Coordenado pelo investigador Marco Lisi, o estudo "Os Grupos de Interesse no Sistema Político Português", analisa a ação dos grupos de interesse em Portugal, a sua visibilidade na comunicação social e papel no processo legislativo, e é apresentado hoje às 09h00 num evento digital no sítio da Internet da Fundação Francisco Manuel dos Santos.
"Na ótica dos grupos de interesse, a arena parlamentar é considerada secundária em comparação com a arena governamental. Contudo, apresenta vários pontos e modalidades de acesso para os interesses organizados, constituindo por isso um alvo fundamental da estratégia dos grupos para influenciar o processo legislativo", lê-se no resumo do estudo, a que a agência Lusa teve acesso.
Neste ponto, os grupos de interesse estão alinhados com a perceção dos cidadãos, que, quando questionados sobre quais são as instituições que os grupos de interesse mais procuram influenciar, indicam que "o Governo é claramente percecionado como o ator mais relevante (28%)".
"Duas razões explicam a importância da arena parlamentar na ação dos grupos de interesse. A primeira é que a Assembleia da República (AR) desempenha um papel extremamente relevante na produção legislativa. Apesar de o Governo ter centralizado um crescente poder na feitura das leis, o parlamento permanece um ator central no processo legislativo", avança-se no estudo.

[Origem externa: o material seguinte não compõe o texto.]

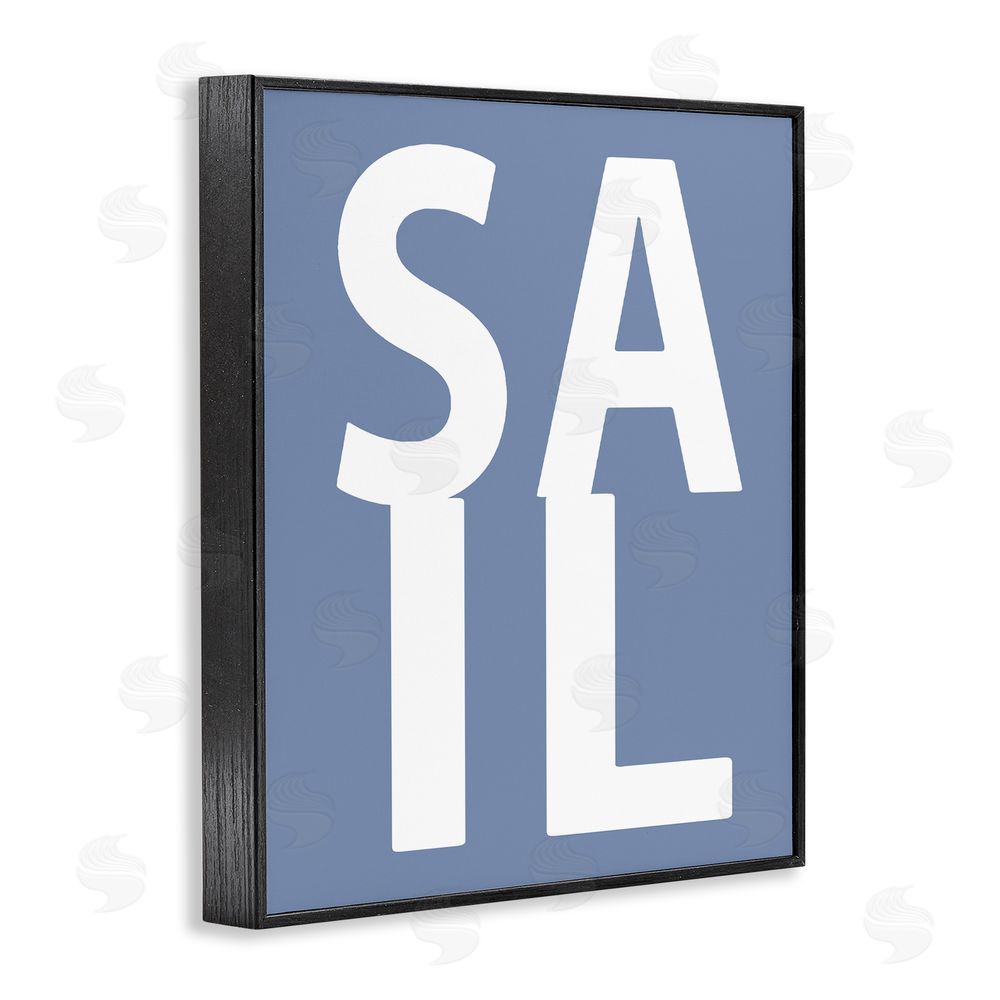 Jamie MacDowell Nautical Sail Text Black Framed Giclee Wall Art Print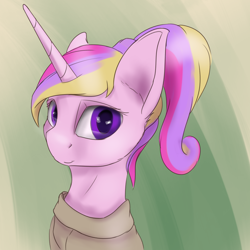 Size: 2160x2160 | Tagged: safe, artist:tenebrisnoctus, imported from derpibooru, princess cadance, alicorn, pony, abstract background, bust, canterlot wedding 10th anniversary, clothes, looking at you, portrait, smiling, solo, sweater, younger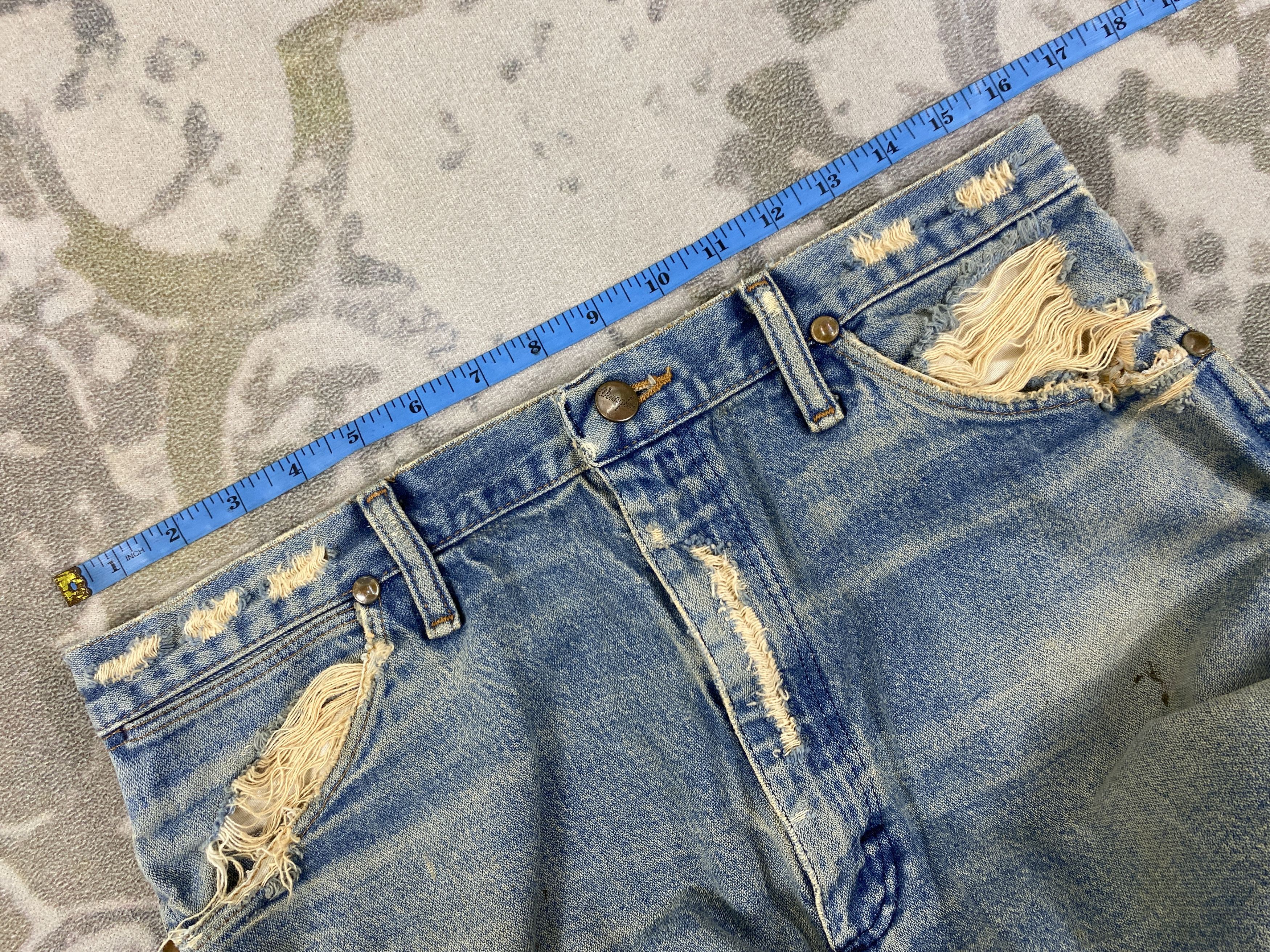Japanese Brand Distressed Blue Vintage Wrangler Jeans 32x28.5 Denim- JN3525 Size US 32 / EU 48 - 5 Thumbnail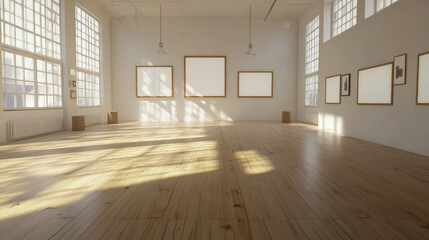 Obraz premium Big white bright loft room architecture render 3d illustration with shiny wooden floor and white textured walls day and empty blank picture frames copyspace on the wall to add your content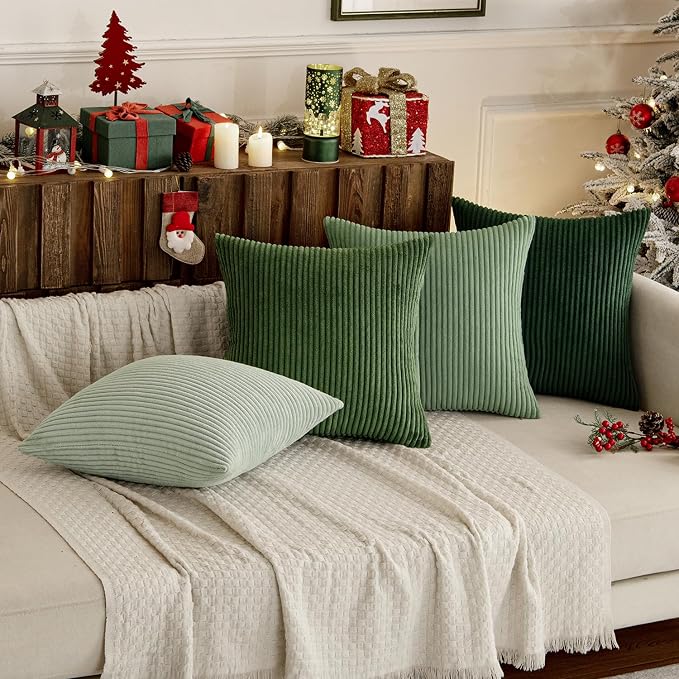 MIULEE Soft Corduroy Decorative Throw Pillow Covers Forest Green 16x16 | Set of - Image 8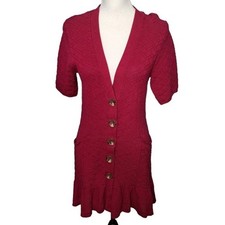 Sparrow Red Burgundy Wine Button Down Sweater Dress w/Mermaid Hem Size Medium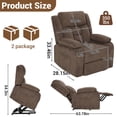 thumbnail image 6 of HSUNNS Power Lift Recliner Chair for Elderly, Overstuffed Wide Recliners for Adults, Heavy Duty Recliner Sofa and Safety Motion Reclining Mechanism, 45°-135° Recline, 350lb Capacity, Brown, 6 of 8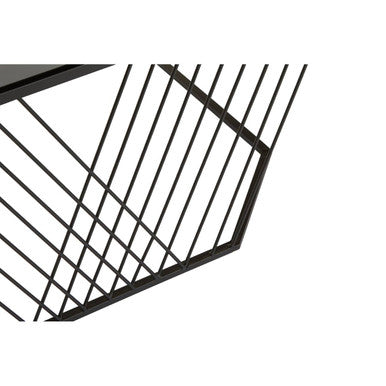 Grey Glass Top Coffee Table With Black Wireframe Design, Trento
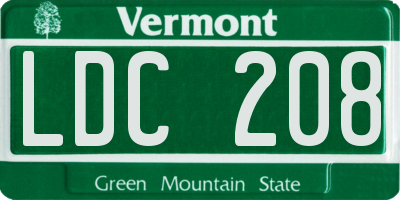 VT license plate LDC208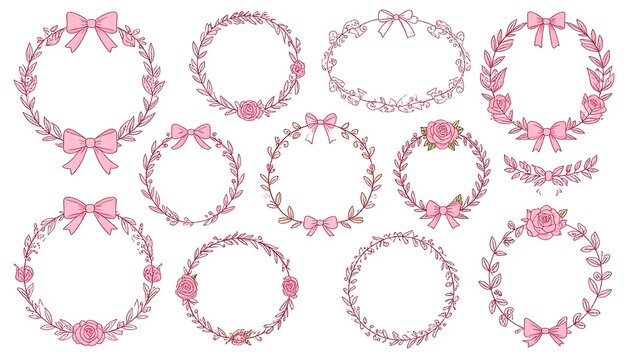 A collection of decorative pink floral wreaths with bows, perfect for design elements or crafting projects.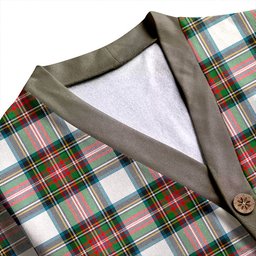 Scottish Stewart Dress Ancient Clan Crest Tartan V neck Knitted Fleece Cardigans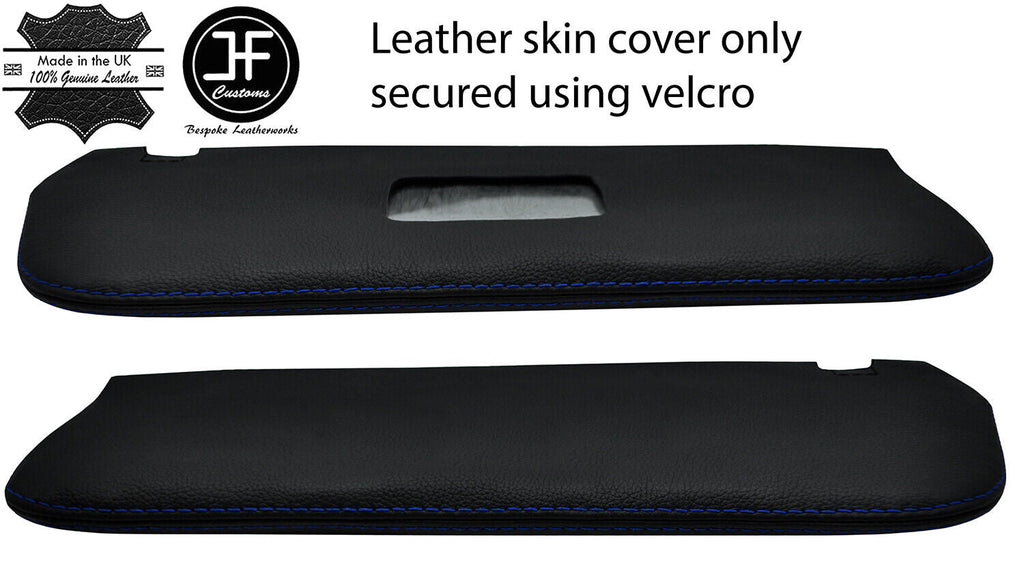 BLUE STITCH 2X SUN VISORS REAL LEATHER COVERS FOR MERCEDES SL C107 R107 71-89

"A segunda razão é que a Assembleia da República constitui um ponto de acesso relativamente fácil para os grupos de interesse e apresenta diversos canais e instrumentos que as organizações podem utilizar para intervir no processo legislativo", adianta-se ainda.

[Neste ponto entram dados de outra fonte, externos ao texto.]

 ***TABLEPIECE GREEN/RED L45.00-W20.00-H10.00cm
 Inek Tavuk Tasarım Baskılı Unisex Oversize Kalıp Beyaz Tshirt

O estudo conclui que "o sistema político português oferece múltiplos pontos de acesso aos grupos de interesse", mas "evolução do regime democrático tem evidenciado uma crescente concentração de poder no executivo, que, por sua vez, tem revelado uma capacidade cada vez maior de influenciar o processo legislativo".

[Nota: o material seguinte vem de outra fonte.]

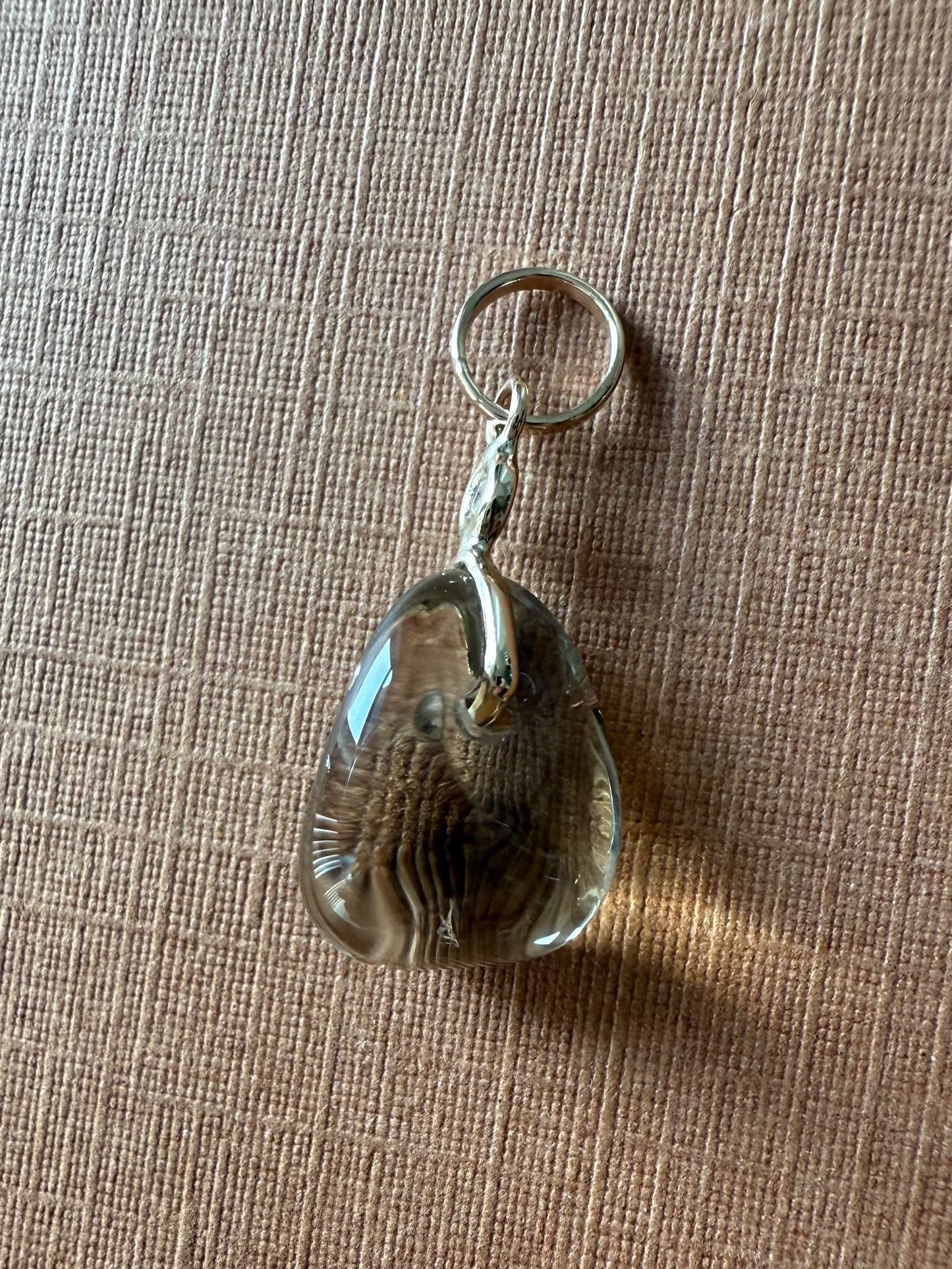14k Solid Yellow Gold, Diamond, Lemon Quartz Tumbled Nugget Bead Pendant, Mini Size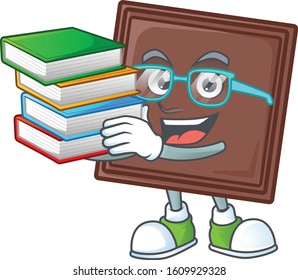 Cool and clever Student one bite chocolate bar mascot cartoon with book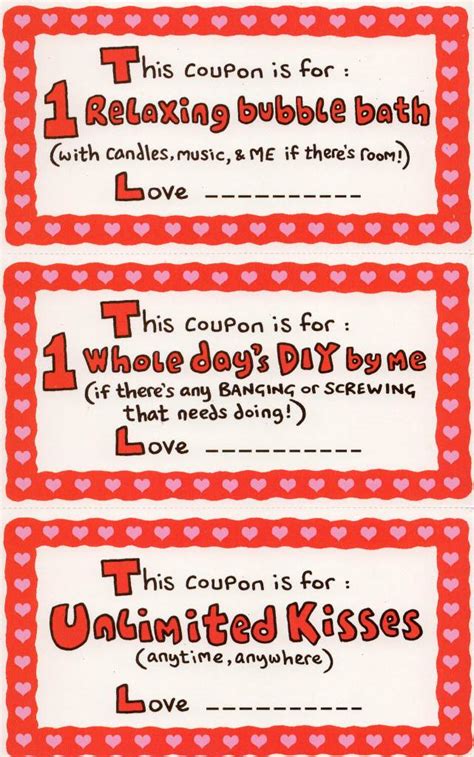 To My Wife Fun Sex Coupons Inside Valentine S Day Card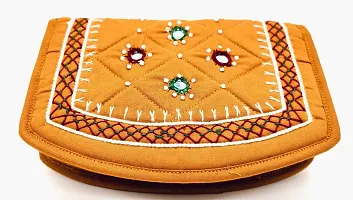 SriAoG Handmade Traditional Purse for Women's Stylish Hand Purse Cotton Clutch Purse for Girls (6.5 Inch Small Purse Grey, Mirror Work Handcraft)-thumb1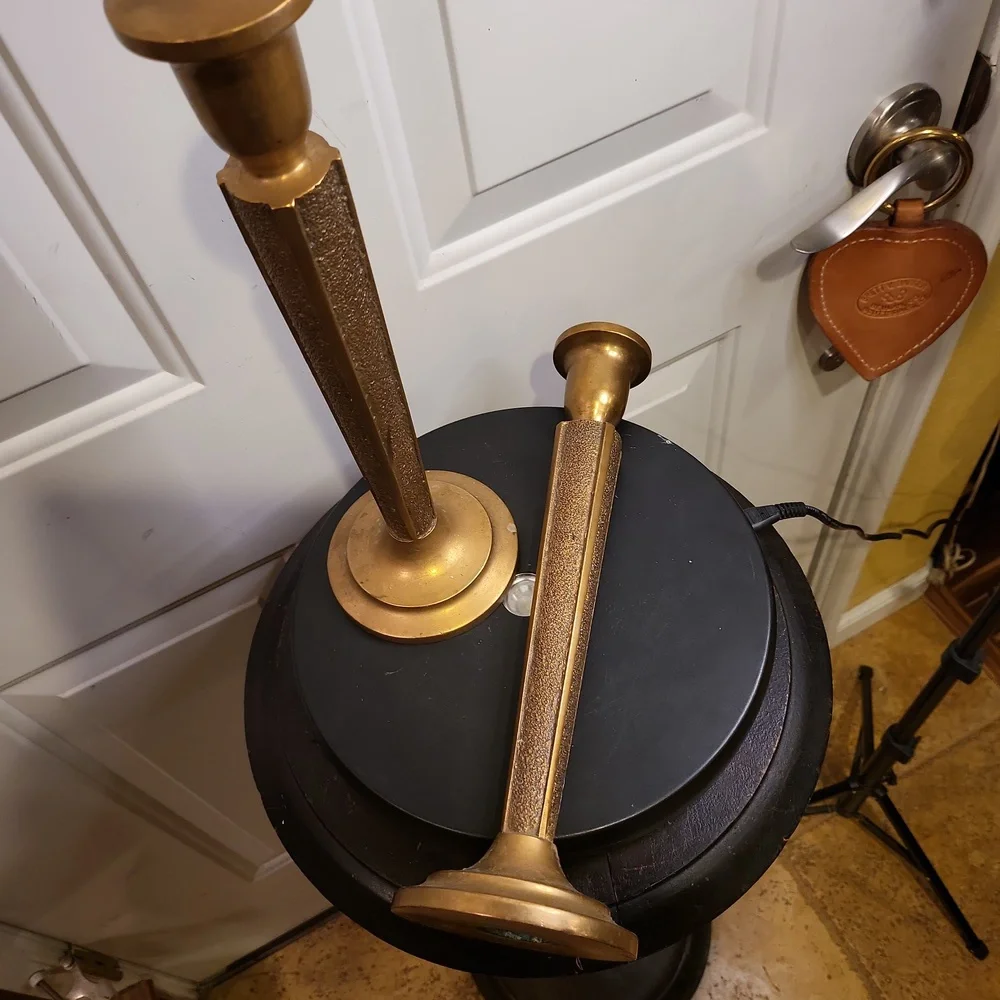 Antique Pair of Bronze Cast Embossed Candle Holder Candle Sticks 12" - Picture 9 of 11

"No entanto, uma lição importante a retirar deste estudo é que os grupos de interesse assumem um papel relevante no reequilíbrio desta assimetria institucional", defende-se.
Esse papel resulta do envolvimento e participação no processo legislativo, "mas também pelo escrutínio que fazem das decisões do Governo, nomeadamente atuando através dos meios de comunicação social ou encontrando outros canais institucionais (como o Presidente da República, os tribunais, etc.) para representar as suas preferências e reivindicações junto dos governantes".
Contudo, alerta-se no estudo, "a função de controlo do Governo exercida pelos grupos de interesse é limitada devido à opacidade das práticas de lóbi junto dos decisores políticos".
"De facto, não conhecemos as interações entre os membros do Governo e os grupos de interesse, embora saibamos que predominam as interações informais na arena institucional. Isto limita a capacidade de escrutínio dos principais atores políticos por parte dos grupos e da opinião pública relativamente ao processo de decisão", sustenta a investigação.
O estudo sublinha ainda que "acresce a este problema a questão relevante do conflito de interesses, nomeadamente a existência de uma proporção considerável de deputados que trabalham simultaneamente em sociedades de advogados e que podem, no âmbito da sua atividade privada, representar clientes cujos objetivos são contrários ao interesse público".
"Os grupos de interesse desempenham um papel de monta no processo legislativo e acabam por ser um canal de influência de interesses invisíveis. A falta de mecanismos eficazes que implementem princípios de pegada legislativa agrava este problema", aponta o estudo.